March 23rd, 2014 § § permalink
Links for my (brief) project introduction at our Association of Asian Studies Roundtable on Saturday, March 29th, entitled “Charting the Digital in Asian Studies: Promises, Realities, and the Future of Teaching and Research”:
TaipingCivilWar.org — the website created by my sophomore methods colloquium at the University of Mary Washington (Fall 2013)
History 297 – course website associated for methods colloquium (see for syllabus, etc.)
“Reworking the Methods Course” – see for a summary review of the course at its conclusion (and see ongoing posts at this same Detour Ahead blog for discussion of a new version of the course for next fall, one that focuses on the Boxer Uprising.)

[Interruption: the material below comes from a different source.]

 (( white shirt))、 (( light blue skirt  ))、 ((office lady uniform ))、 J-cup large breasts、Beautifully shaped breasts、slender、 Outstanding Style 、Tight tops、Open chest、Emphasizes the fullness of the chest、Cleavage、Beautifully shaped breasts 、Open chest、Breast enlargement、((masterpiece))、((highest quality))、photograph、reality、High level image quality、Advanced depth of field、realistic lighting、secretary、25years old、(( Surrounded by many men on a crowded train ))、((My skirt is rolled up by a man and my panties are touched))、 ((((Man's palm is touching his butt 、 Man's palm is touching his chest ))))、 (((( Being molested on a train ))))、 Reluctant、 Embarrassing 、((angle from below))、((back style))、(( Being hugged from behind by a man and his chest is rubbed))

“Mapping the Taiping Civil War” – Ryan Brazell, UMW’s talented instructional technology expert who assisted me in both website design and in classroom workshops, offers his own extended blog post on the technical tools and approaches used for the map component of the website. I highly recommend his very helpful post for anyone thinking of jumping in…
Looking for examples of other sites where students are engaged in knowledge creation for a public audience? Jeffrey McClurken (Professor of History, UMW) offered an excellent workshop at the 2014 American Historical Association annual meeting this past January. His own website offers his slide presentation on “Digital History in the Undergraduate Curriculum” as well as his full set of links for the workshop.
April 4th, 2013 § § permalink
“A Construction Engineer’s Thoughts on the Sichuan Earthquake” blog post by “Book Blade” – link [accessed 31 March 2013]
Nanking Massacre Project – Special Collections, Yale Divinity School Library – http://www.library.yale.edu/div/Nanking/
Ai Weiwei on Twitter (Chinese): @aiww (English): @aiwwenglish
“Who’s Afraid of Ai WeiWei” — Frontline documentary (PBS)
Fan Xiao, “Did the Zipingpu Dam Trigger China’s 2008 Earthquake: The Scientific Case,” Probe International. (.pdf)
May 3rd, 2011 § § permalink
In a recent brainstorming session for a panel on global studies that we’re organizing for UMW’s upcoming Faculty Academy, Joe Calpin tossed out a simple question, namely “How can we bring what’s happening over there over here?”
Deceptively simple, this question seems the perfect starting point and will be the focus for our panel discussion. We’re interested in exchanging ideas about digital resources, methods of approach, curriculum development, and more.
Some starting questions:
– What digital resources have we found for global studies — and for studies (sometimes phrased, albeit awkwardly, as “glocal”) that link our own sites and economies of being to the world beyond — whether in the social sciences, humanities, language study, environmental sciences, or other fields of inquiry…?
– In what ways can we use these resources? E.g., as elements of curriculum, for research (undergrad and beyond), global networking, others? Methods of approach?
– Are there particular challenges that we encounter in the use of these tools? Ways to identify, address, and/or make those challenges part of the project itself?
– Where do we go next?
If you’re interested in learning more or joining the discussion at next week’s event, feel free to drop me a line: sfernseb [at] umw [dot] edu.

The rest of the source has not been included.